Feijóo se empodera frente a la izquierda: «Me da igual»
Frente a la izquierda, ni un paso atrás. Es la principal idea que Alberto Núñez Feijóo trasladó ayer. «Me da igual, estoy aquí para dar debates valientes», sentenció.
En las últimas semanas, el Partido Popular, de forma deliberada, ha pisado distintas minas que han detonado la polémica. La «ingeniería electoral» por la Ley de Nietos, el concepto del «concebido no nacido» o el absentismo laboral han situado al partido en el centro de la diana de la izquierda política, social y mediática. Y no sólo.

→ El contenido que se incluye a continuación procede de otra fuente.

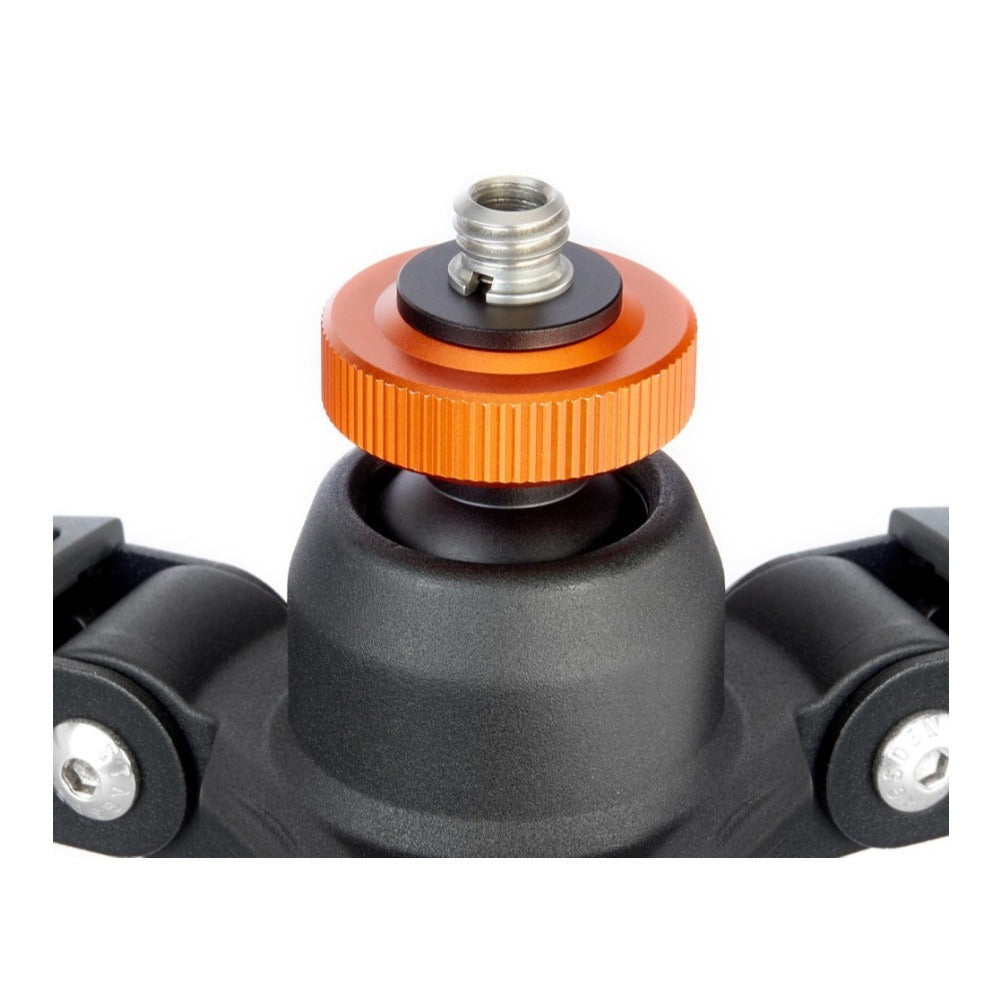 3 Legged Thing DOCZ2 Rugged Foot Stabilizer for Monopods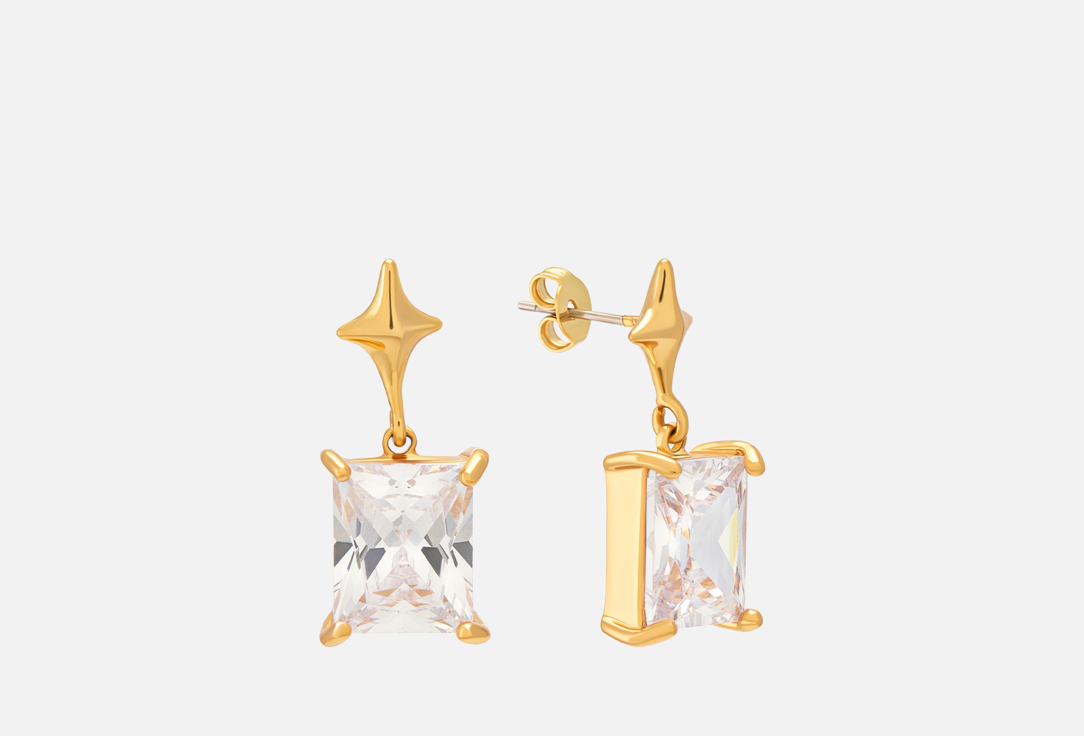 Изображение товара Серьги Komsi Brand Magic Crystal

Aun así, el PP piensa seguir abriendo debates incómodos. Lo dejó bien claro su líder en el discurso que pronunció este sábado en la clausura del congreso nacional de Nuevas Generaciones, organización juvenil de la formación, que se celebró en la ciudad de Valladolid.
Una cita orgánica relevante, que se enmarca en el rearme político de los populares ante el nuevo ciclo electoral. El madrileño Ignacio Dancausa, alfil de Isabel Díaz Ayuso, cogió el testigo de la diputada Bea Fanjul, que ha estado a los mandos de la organización cinco años.
La misión es ensanchar la base de la formación por los nuevos votantes, donde la demoscopia le reconoce un debe. En su discurso, Feijóo, sexagenario, proclamó que quiere ser el «presidente de los jóvenes» porque, dijo, se merecen una «política mejor» que ponga fin a la brecha generacional.
«No me resigno a que seáis la primera generación que viva peor que vuestros padres», subrayó. Y desveló el componente personal del compromiso asumido. «Tengo un hijo tengo un hijo de 9 años y quiero que crezca en un país mejor».
A partir de ahí, y en su versión más contestataria, con la que pretende encarar las recientes controversias, Feijóo quiso hablarle con claridad a los jóvenes. O, al menos, desde una óptica opuesta al socialismo.
«Yo no vengo aquí a sermonearos. Yo no vengo aquí a prometeros que todo será fácil, porque no lo será; no vengo a prometeros que todo será gratis, porque nada es gratis; no vengo a tratar a los jóvenes como a niños, no os voy a vender un país de mentira; la vida adulta exige esfuerzo, pero una cosa es que la vida exija esfuerzo y otra muy distinta es que ese esfuerzo se convierta en una estafa, y eso no lo podemos aceptar», recalcó.
El líder popular empeñó su palabra de cara a un futurible gobierno: «Os prometo trabajar servirá para vivir, que estudiar servirá para progresar, que formar una familia no es un lujo, que alquilar una vivienda no sea una condena, que comprar una vivienda no sea una fantasía, que los jóvenes no queréis que os paguen el tren y los videojuegos, que queréis futuro y a eso se tiene que dedicar la política».
Clamó contra la idea de «una vida fácil» y defendió «una vida justa». Descartó un «país subsidiado» y propuso un «país con oportunidades» y frente a la «dependencia», recetó «libertad».
De la Ley de Nietos, del «concebido no nacido» o del absentismo laboral, Feijóo, a los «puristas», les trasladó que no piensa eludir sus «responsabilidades» como jefe de la oposición. Y apuntilló que seguirá dudando «de las intenciones del sanchismo en unas elecciones» y reclamando que «autónomos y emprendedores no tengan que pagar de su bolsillo la caradura de unos poco».